AWC Secures RM26.14m Shah Alam Hospital Extension, Reinforces Facilities Division Strength
AWC Bhd has secured a one-year RM26.14 million contract extension for Hospital Shah Alam, reinforcing its entrenched position in Malaysia’s healthcare support services. The extension, awarded via subsidiary Ambang Wira Sdn Bhd, builds on AWC’s decade-long incumbency at the hospital since its inception in 2016. Notably, the annualized run rate of RM26.14 million exceeds the prior five-year average of RM21.58 million, reflecting inflationary adjustments and higher wage costs ahead of a new long-term tender.
From a financial perspective, applying a conservative 4% PBT margin, the extension is expected to contribute approximately RM1.05 million in profit before tax, equivalent to 3.6% of the group’s FY26F PBT forecast of RM29.5 million. While modest, the uplift underscores the predictability of AWC’s Facilities division, which remains the group’s anchor, contributing ~50% of 1HFY26 revenue. The division’s strong momentum—evidenced by a 154.3% QoQ PBT jump in 2QFY26—will be further supported by this extension.
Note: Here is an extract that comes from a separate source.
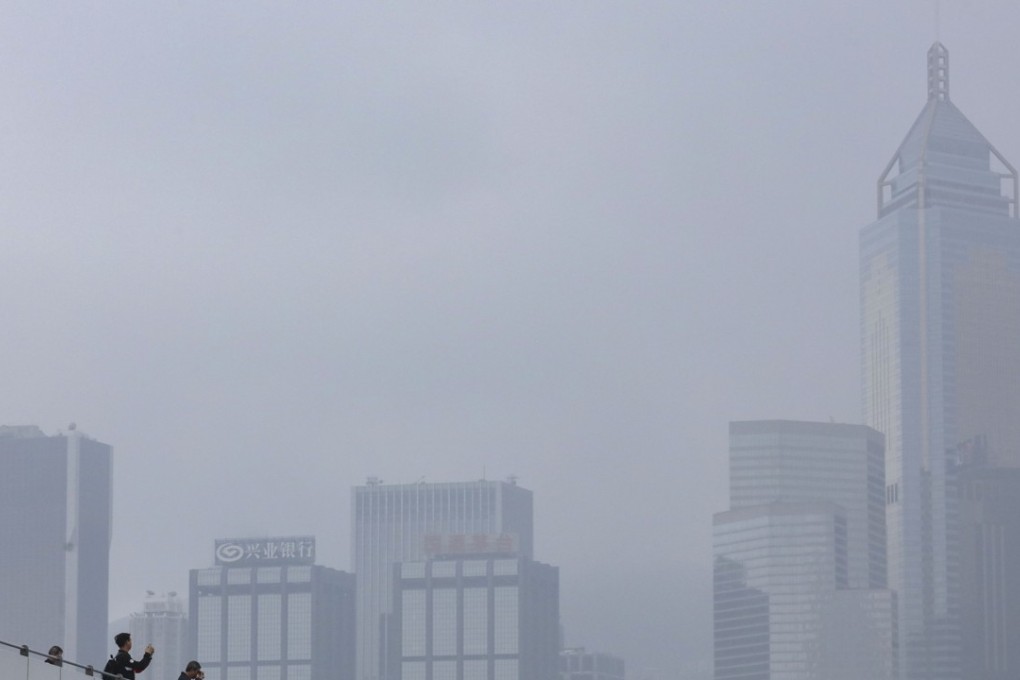 The Center, right, in Hong Kong’s downtown Central district, has 1.2 million square feet of office space, 13,000 square feet of retail space and 402 car parking lots. Photo: Felix Wong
AWC’s order book now stands at RM910 million, with Facilities accounting for RM465 million. Upcoming projects such as TM Data Centres, Kompleks E, and Masjid Putra, alongside the Shah Alam extension, provide multi-year earnings visibility. Meanwhile, the Environment division’s RM224 million backlog and Singapore’s PWCS pipeline rollout offer structural support, though Middle East softness remains a risk amid Iran-related geopolitical tensions.
Valuation-wise, AWC is upgraded to BUY with an unchanged TP of RM0.60, pegged to 9x FY26F EPS of 6.6 sen. The stock trades at 7.8x FY26F P/E, supported by a clean balance sheet, predictable cash flows, and a three-star ESG rating. Risks include concession rate renegotiations, Middle East delays, and margin resilience in Rail.